- Born: 22 June 1977 (age 48) Bergen, Hordaland
- Origin: Norway
- Genres: Classical
- Occupation: Pianist
- Labels: Naxos, Simax, Avi Music

= Gunilla Süssmann =

Gunilla Süssmann (born 22 June 1977 in Bergen) is a Norwegian classical pianist.

== Career ==
Having played the piano since the age of six, Süssmann graduated from the Norwegian Academy of Music in 2002, and got her soloist diploma from the Music Academy in Hanover in 2003.
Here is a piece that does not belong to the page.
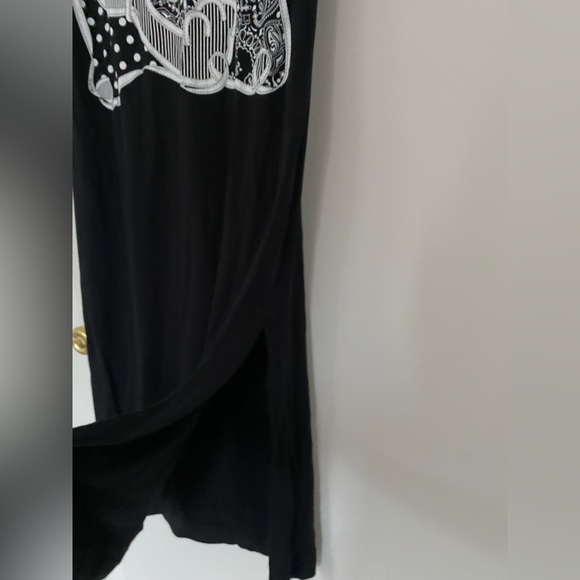 Monse X Disney Tee/Dress - Picture 5 of 8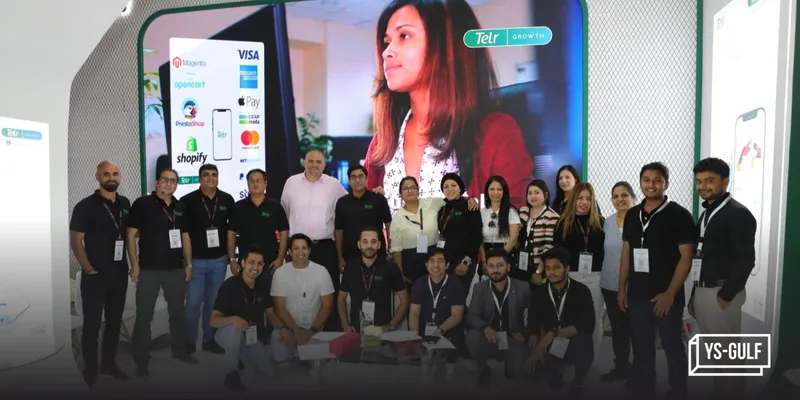 Telr Team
She released her first solo CD, Tockà (alluding to Russian тоска, toska, meaning "longing"), in 2005, performing selected works by Alexander Scriabin and Sergei Rachmaninoff. In 2007 she released her second CD, Malinconia, together with cellist Tanja Tetzlaff, featuring works by Rachmaninov, Edvard Grieg and Jean Sibelius.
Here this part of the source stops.